В феврале 1946 года, спустя месяц после того, как Scribners получило переделанную версию «Они унаследуют смех», Джонс вернулся в родной Иллинойс. У друзей Джонса его ждала телеграмма от Перкинса. В ней он предлагал пятьсот долларов за роман с дальнейшей оплатой, которую автор получит, когда пришлет еще пятьдесят тысяч слов.
«МЫ ХОТИМ СОТРУДНИЧАТЬ, – говорилось в телеграмме. – НО Я БОЛЬШЕ ВЕРЮ ВО ВТОРОЙ ВАШ РОМАН И МОГУ ПРЕДЛОЖИТЬ КОЕ-ЧТО ПО ДОРАБОТКЕ “СМЕХА”».
Джонс воспринял предложение со смешанным чувством. «Мое самолюбие было уязвлено, я не хочу бросать первую книгу после того, как вложил в нее столько сил, – говорил он. – Но я знаю истории Ф. Скотта Фицджеральда и Томаса Вулфа – как Макс Перкинс рисковал, но затем творил чудеса с их дебютными романами». Спустя день или два раздумий он послал ответную телеграмму:
«ВВЕРЯЮ СЕБЯ ВАМ И ЖДУ ПИСЬМА… МОЖЕТЕ ОТПРАВИТЬ ПЯТЬСОТ ДОЛЛАРОВ В ЛЮБОЕ ВРЕМЯ».
Перкинс был доволен решением Джонса. Новый роман должен был стать историей молодого, «идущего своим путем» рядового по фамилии Пруэтт, который знакомится с первым сержантом Милтоном Энтони Уорденом. Перкинс считал, что у Джонса призвание изображать «вечного персонажа», и сказал:
«Из того, что вы сообщили, нам показалось, что вы разглядели нечто действительно важное, и вы оказались правы в трактовке природы такого человека, ведь он никогда еще не был изображен таким понятным».
Джонс проигнорировал отказ в публикации первого романа и написал Перкинсу:
«Я доверяю вашим суждениям, опирающимся на опыт вашей предыдущей работы с подобными рукописями, которого у меня нет. Я готов к работе. Думаю, вы знаете обо всем этом куда больше, поэтому готов отложить роман ради Пруэтта. Как я уже говорил, отдаю себя в ваши руки, не в руки Scribners, а только в ваши, потому что верю в вашу способность видеть в этой писательской игре куда дальше и глубже, чем все, кого я когда-либо встречал и о ком слышал».
Перкинс так же сильно хотел представить эту книгу широкой публике, как и сам Джонс. Редактор ожидал послевоенного оживления в литературе и хотел, чтобы роман Джонса был опубликован сейчас – до того, как появятся новые авторы и заполнят все своими второсортными текстами.
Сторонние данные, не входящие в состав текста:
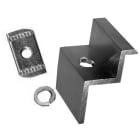 ORBIS - ORBOB620097 MPT-46 Morsetto TERMINALE fissaggio moduli, colore ALLUMINIO, spessori moduli ammessi 46mm (Vite BM855 OB620860 non compresa)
«Я не знаю, сильно ли изменится форма романа, но дух и лицо – да. В некотором смысле книга будет для молодых писателей, не осознающих пока, кто они, и, как это обычно бывает, под ее воздействием они смогут сформироваться», – писал Перкинс Джонсу.
Джонс встречался со своим редактором около шести раз.
«У Перкинса железный самоконтроль, – вспоминал он. – Его походка была такой твердой, что по нему никогда нельзя было заметить, что он пьян».
Макс, казалось, стремится обучить его писать, используя способы, разработанные за десятилетия работы редактором. Первый совет он взял у Хемингуэя, единственного выжившего со времен его великого триумвирата двадцатых годов: «Всегда останавливайся, пока все идет хорошо. Когда вернешься к работе, у тебя будет ощущение, что то, что ты сделал последним, было отличным. Не жди, пока зайдешь в тупик». И после первых нескольких месяцев работы над новым романом Джонс понял, что это бесценный совет.
Его впечатлило еще одно правило из редакторского списка «большого пальца».
[299]
«Помню, прочитал об этом где-то, и мне показалось, что это очень верное утверждение – об эффекте, который может обнаружить любой, если он, конечно, писатель. Писатель с трудом может вспомнить, как падал свет, какой была температура и все прочее, когда он пишет. Большинство людей это сделать не способны. Если способны, значит они могут добиться успехов как финансисты, но эта способность уходить на дальний план, когда речь идет о писательстве, в этом я уверен». В июле 1946 года у Джонса было уже достаточно страниц, чтобы показать роман Перкинсу, что он и сделал. Тот высказал ему свое мнение:
«Я не знаю, будет ли эта книга хорошо продаваться, но думаю, нас ждет тяжелая работа в плане сокращения и обработки. Считаю, что это дело нужное и интересное. “Армия” – это что-то, и не думаю, что когда-либо видел, чтобы кто-то трактовал ее так реалистично, как вы. Думаю, единственная причина, по которой рукопись так сильно нуждается в обрезке, заключается в том, что вы объясняете слишком многое. Предоставляете слишком широкую экспозицию… Когда созреете для переработки, уделите больше внимания действию и разговорам (что в своем роде тоже является действием), расскажите все или почти все».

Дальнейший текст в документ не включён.